Hacker News new | ask | show | jobs
by wooorm 4271 days ago
I’ll investigate this, but I think I excluded the preamble’s for trigram creation. Sure, the words will be a bit similar, but it’ll be a lot of work to compile 380 fixtures from other sources.

I’ll investigate that too. But it’s lots of work, this already was, give me some time :)

1 comments

I wonder why you chose to use trigrams. Trigrams require a lot more data to get representative statistics, and the UDHR isn't big enough for that (you'd want a million words). Furthermore, I would think that for the task of language detection, a simple unigram model would be sufficient; i.e., just choose the language with the maximum recall of word tokens from its corpus with respect to the input. I think this would work better on short sentences as well.

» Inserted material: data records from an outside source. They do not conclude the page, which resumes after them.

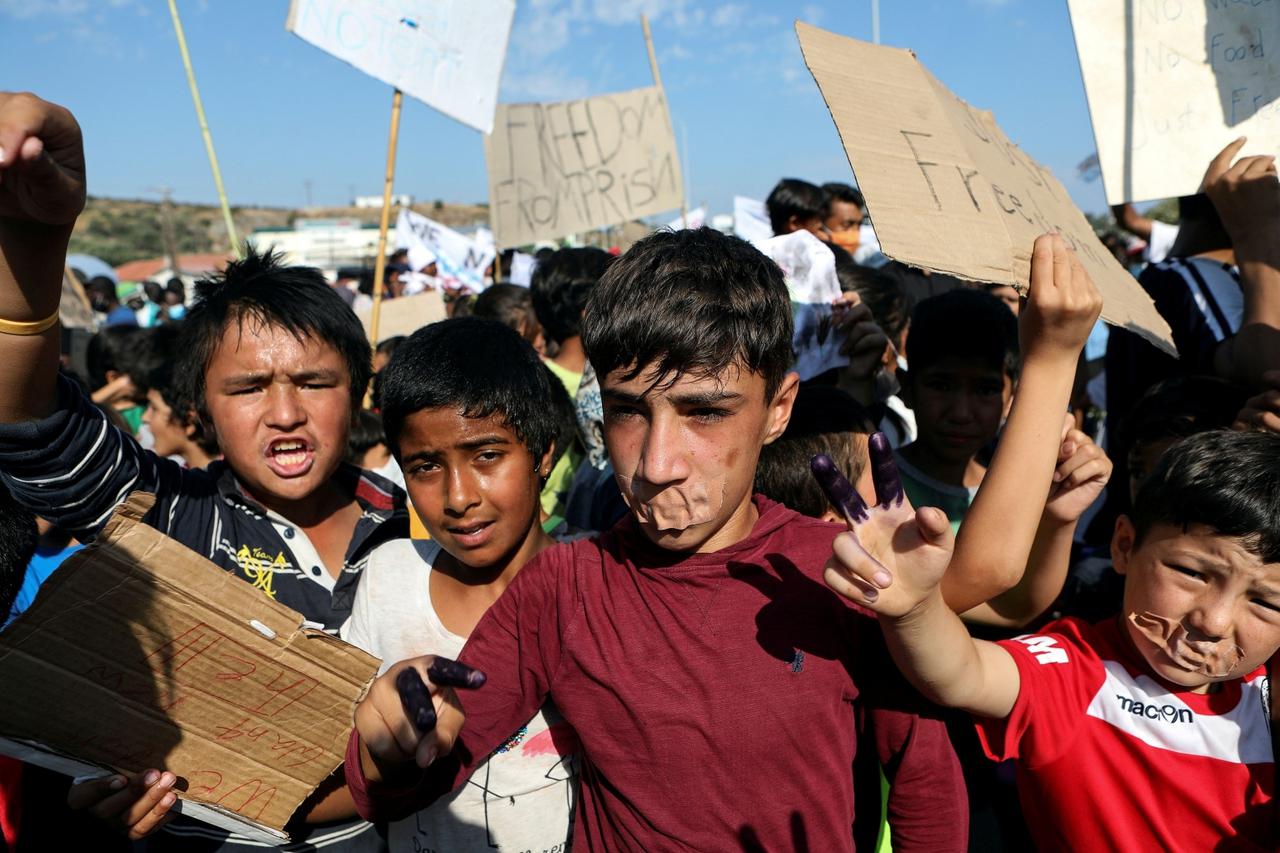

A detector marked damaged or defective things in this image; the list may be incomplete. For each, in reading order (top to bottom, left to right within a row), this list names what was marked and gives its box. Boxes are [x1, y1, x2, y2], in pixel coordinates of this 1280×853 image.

torn cardboard [484, 85, 684, 246]
torn cardboard [796, 22, 1176, 356]
torn cardboard [1072, 0, 1280, 206]
torn cardboard [356, 290, 444, 342]
torn cardboard [0, 492, 380, 840]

And excluding the preamble doesn't make your test more meaningful, the text is still in a very particular domain and writing style.

EDIT: I had assumed trigrams meant word trigrams; character trigrams are a good choice for this.

Thanks ;)
BTW, here is my implementation of this idea: https://github.com/andreasvc/disco-dop/blob/master/web/parse...

I haven't it tested on more than 3 languages so it might perform badly but I have the intuition that it is easier to get good coverage of the vocabulary of languages than to get the frequencies of something like the top character n-grams right. The latter is affected by authorship and genre of text &c.